Essential guide to dabl library

A data science model development pipeline involves various components including data collection, data processing, Exploratory data analysis, modeling, and deployment. Before training a machine learning or deep learning model, it’s essential to clean or process the dataset and fit it for training. Processes like handling missing records, removing redundant features, and feature analysis are part of the data processing component.
Often, these processes are repetitive and involve most of the model development work time. Various open-sourced Auto-ML libraries automate the entire pipeline in few lines of Python code, but most of them behave as a black-box and do not give intuition about how they processed the dataset.
To overcome this problem, we have an open-sourced Python library called dabl — data analysis baseline library, that can automate most of the parts of the machine learning model development pipeline. This article will cover the hands-on implementation of the package dabl including data preprocessing, feature visualization, and analysis, followed by modeling.
dabl:
dabl is a data analysis baseline library that makes supervised machine learning modeling easier and accessible for beginners or folks with no knowledge of data science. dabl is inspired by the Scikit-learn library and it tries to democratize machine learning modeling by reducing the boilerplate task and automating the components.
dabl library includes various features that make it easier to process, analyze and model the data in a few lines of Python code.
Getting Started:
dabl can be installed from PyPI using
pip install dabl
We will be using the Titanic dataset downloaded from Kaggle for implementation of the library.
(1.) Data Pre-processing:
dabl automates the data preprocessing pipeline in a few lines of Python code. The pre-processing steps performed by dabl include identifying missing values, removing the redundant features, and understanding the features’ datatypes to further perform feature engineering.
The list of detected feature types by dabl includes:
The list of detected feature types by dabl includes:
1. continuous
2. categorical
3. date
4. Dirty_float
5. Low_card_int
6. free_string
7. Useless
All the dataset features are automatically categorized into the above-mentioned datatypes by dabl using a single line of Python code.
df_clean = dabl.clean(df, verbose=1)

The raw Titanic dataset has 12 features, and they are automatically categorized into the above-mentioned datatypes by dabl for further feature engineering. dabl also provides capabilities to change the data type of any feature based on requirements.
db_clean = dabl.clean(db, type_hints={"Cabin": "categorical"})
One can have a look at the assigned datatype for each feature using detect_types() function.
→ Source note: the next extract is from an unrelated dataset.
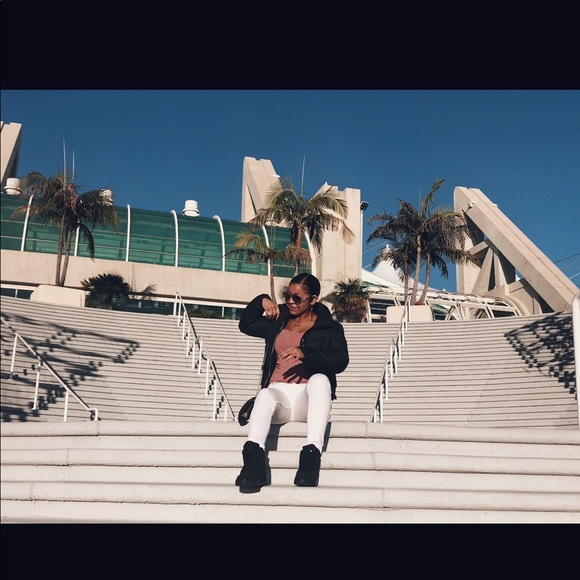 Profile Picture of Ariyana Pamplin (@baybearii) on Poshmark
(2.) Exploratory Data Analysis:
EDA is an essential component of the data science model development life cycle. Seaborn, Matplotlib, etc are popular libraries to perform various analyses to get a better understanding of the dataset. dabl makes the EDA very simple and saves worktime.
dabl.plot(df_clean, target_col="Survived")
plot() function in dabl can feature visualization by plotting various plots including:
- Bar plot for target distribution
- Scatter Pair plots
- Linear Discriminant Analysis
dabl automatically performs PCA on the dataset and also shows the discriminant PCA graph for all the features in the dataset. It also displays the variance preserved by applying PCA.
(3.) Modeling:
dabl speeds up the modeling workflow by training various baseline machine learning algorithms on the training data and returns with the best-performing model. dabl makes simple assumptions and generates metrics for baseline models.
Modeling can be performed in 1 line of code using SimpleClassifier() function in dabl.
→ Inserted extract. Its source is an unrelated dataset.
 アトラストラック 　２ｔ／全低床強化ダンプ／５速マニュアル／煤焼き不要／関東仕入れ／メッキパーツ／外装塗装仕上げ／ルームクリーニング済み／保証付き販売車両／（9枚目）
dabl returns with the best model (Decision Tree Classifier) in almost no time. dabl is a recently developed library and provides basic methods for model training.
Conclusion:
Dabl is a handy tool that makes supervised machine learning more accessible and fast. It simplifies data cleaning, feature visualization, and developing baseline models in a few lines of Python code. dabl is a recently developed library and needs a lot of improvement, and it’s not recommended for production use.